In a June ruling, Ontario’s Licence Appeal Tribunal upheld OMVIC’s denial of Sai Lu’s bid to re-enter the profession after his activity as a registered salesperson was marred by illegal dealings between 2016 and 2019. Lu last worked as a registered salesperson in early 2019. While he received no complaints at the dealership where he was employed, off-duty dealings led to the tribunal’s decision.

Lu set up his own company in 2016 as an illegal, unlicensed dealer. His business bought cars from salvage auctions, most written off as total losses by insurers after accidents.

Though these auctions are closed to the public, Lu falsely portrayed his business as a licensed OMVIC dealer, using doctored documents to support the claim. Lu also submitted falsified insurance documents to the Ministry of Transportation.

After acquiring at least 10 cars through this process, Lu listed them on Kijiji and other websites, leasing them out to prospective Uber or Lyft drivers. Most were sold to other buyers after their leases expired.

Two witnesses who leased cars from Lu told the tribunal the cars’ history was not disclosed. A third witness testified they bought a car from Lu for $5,000, only to have it suffer problems a few days later. This third witness was not told the car was a write-off and suffered $11,000 worth of accident damage.
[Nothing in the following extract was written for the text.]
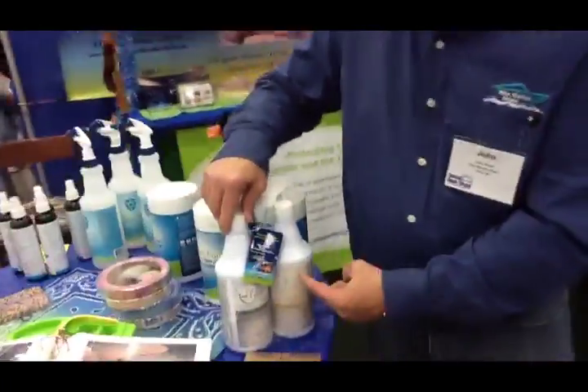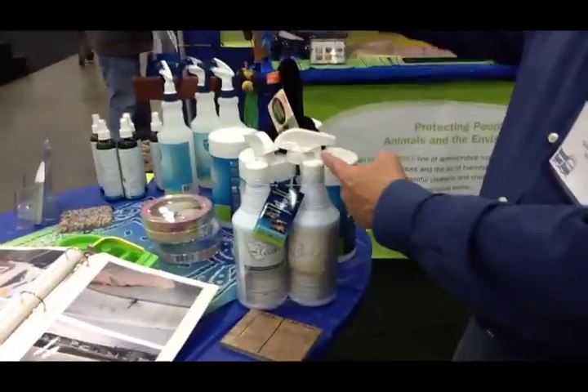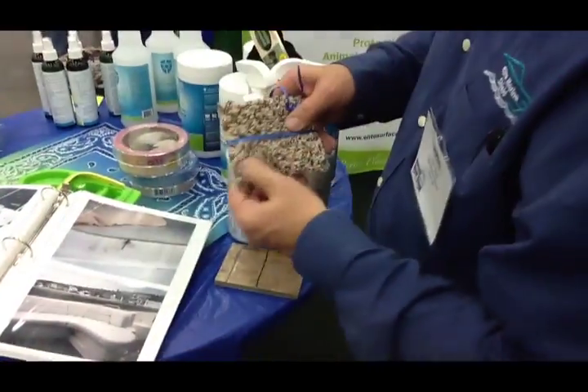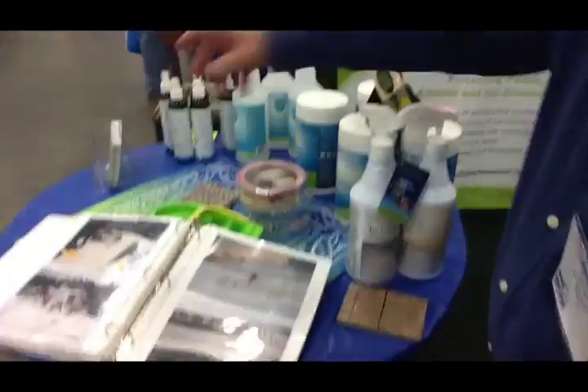Can you show me a quick demonstration of how to apply it? So we talked about the two-step process earlier. Here's the cleaner, and here's the shield product — the shield comes in different sizes. You would clean the surface, whether it's this carpet here, or vinyl, or canvas. Then before it's dry, you spray on the shield product. Make sure there's a nice even coating, and then you just let it cure for a few hours in the sun. And it'll bond to the surface.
“Ontarians have the right to expect integrity, honesty, accountability and lawful conduct when they meet with a registered salesperson. That expectation does not end at the conclusion of the business day,” said John Carmichael, OMVIC’s CEO and registrar. “The tribunal agreed Mr. Lu’s off-duty dealings fit the definition of curbsiding, and that OMVIC’s decision to deny his return to auto sales was justified.”

In November 2018, Lu tried to register his business as a dealer with OMVIC but was denied after an investigation found several documents he submitted were also forged. Lu’s business was fined $3,500 in court the following summer. He was handed a suspended sentence.

Lu left his day job in early 2019, which meant his OMVIC salesperson registration also lapsed. When he attempted to re-register shortly afterwards to find work at another dealership, OMVIC denied this application too, leading him to launch an appeal ending with the tribunal’s decision.

Lu continues to face charges under the Motor Vehicle Dealers Act about curbsiding and using falsified documents. The tribunal’s full decision can be found in the Enforcement/Compliance section of OMVIC’s website.


OMVIC (Ontario Motor Vehicle Industry Council) administers and enforces the Motor Vehicle Dealers Act (MVDA) on behalf of the Ministry of Government and Consumer Services. OMVIC maintains a fair and informed vehicle sales marketplace by regulating dealers and salespersons, regularly inspecting Ontario's 8,000 dealerships and 30,000 salespeople, maintaining a complaint line for consumers and conducting investigations and prosecutions (or discipline proceedings) of industry misconduct and illegal sales (curbsiding). OMVIC is also responsible for administering the Motor Vehicle Dealers Compensation Fund on behalf of its Board of Trustees.